When I tell someone for the first time I have diabetes, I try to be understanding. There's the initial shock, the processing as the person tries to recall everything they know about diabetes, and the momentary panic when they realize all of their information comes from nightly news stories about obesity and Wilford Brimley commercials. I'd like to inform everybody that that's OKAY. The fact that you don't know anything means you're life has not been afflicted in any way, and that's a good thing.
I don't mind when you ask stupid questions. I don't care if you mix up type 1 and type 2. And I won't get mad if you confuse my insulin pump with a beeper.
I don't care because I find myself in the same situation all the time. A friend may mention that a sibling has autism, or that their parent suffers from epilepsy, or that they had cancer when they were younger. I mean, really, if you can't relate, what can you possibly say?
What I find interesting is that I get two very different reactions.
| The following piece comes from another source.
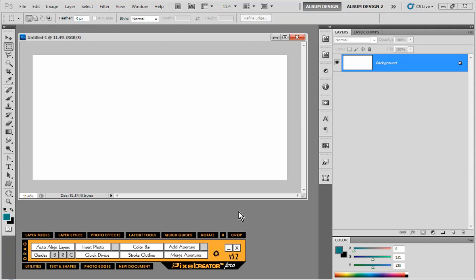Of course our products come with a nice bounty of templates to begin with, but obviously you're going to want to be able to utilize our tools with other template manufacturers as well as maybe layouts that you've already created yourself previously doing it the old way strictly with Photoshop.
I get the understandable, "Oh, that sucks." Naturally. This is a DISEASE we're talking about.
But interestingly, people will also say "Oh, that's cool." And not in a dismissive "I have nothing else to say," kind of way, but in an "I actually find this interesting and it's cool that your pancreas doesn't work" sort of way.
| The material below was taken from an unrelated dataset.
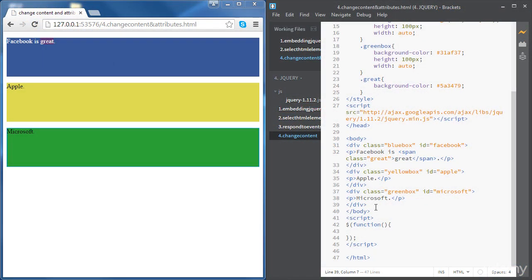In this video, we're going to learn how to change HTML content and attributes using jQuery. We're going to be using the same source code showing our three divs: Facebook, Apple, and Microsoft. The objective of this session is to create a few buttons, and when we click on those buttons, we'd like the content of these divs to change.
You'd think this is offensive, but it's not! It's weird people say this, and kind of funny in an awkward sort of way, but honestly it IS a little cool. And I find I want to say the same thing to others when in this position. Don't get me wrong, it also sucks, but I totally get the sentiment behind what they're saying. Especially at an engineering school, where I get this a lot.
Every day, I get to play around with thousands of dollars worth of technology. I keep up with the research and the advancements going on in the field. I'm experimenting on myself to perfect my treatment. I've basically been a scientist since I was 11-years-old. And yes, that's cool.
Do I suggest you tell diabetics it's cool they have diabetes? No. You will definitely get smacked. And maybe make somebody cry. Not every diabetic has a similar outlook as I do. But I get where you're coming from. Even though they suck, diseases are interesting. My diabetes makes me knowledgeable on a personal, in-depth level of a couple sciences. My diabetes gives me an interesting perspective on different areas of life, like stem cell research and health care. I assume that most diseases have a similar affect on other people, and I want to know how! I'm dying to understand what it's like to be you, and I'm dying to explain what it's like to be me. The world will surely benefit from our exchange of information.
And THAT is definitely cool.
I understand people's desire for privacy, and that it's really nobody else's business what their disease is like. But I would much rather have someone ask me questions and learn more than to either 1. pretend I didn't just drop this on you, because that's awkward or 2. pretend you DO know everything about diabetes.
Oh my god. Please don't get me started on the second one.
When you are ignorant, that's fine. Just be aware of it. Things to watch out for:
1. Seeing it on Oprah does NOT make you educated.
2. The news was almost certainly talking about type 2.
3. Your science class did not even sort of give you the big picture. Fantastic, you know what insulin is. You're still ignorant to the huge web of information that is diabetes.
4. Being a medical professional, or the relative of a medical professional, does not make you knowledgeable of diabetes. I assure you that myself and anyone I've ever met don't fit the textbook definition. Not even close.
There's really no good way to have that initial conversation, because everybody will respond differently. All I can tell you is, when you see me, always know you can feel free to ask me anything. Less ignorance is never a bad thing.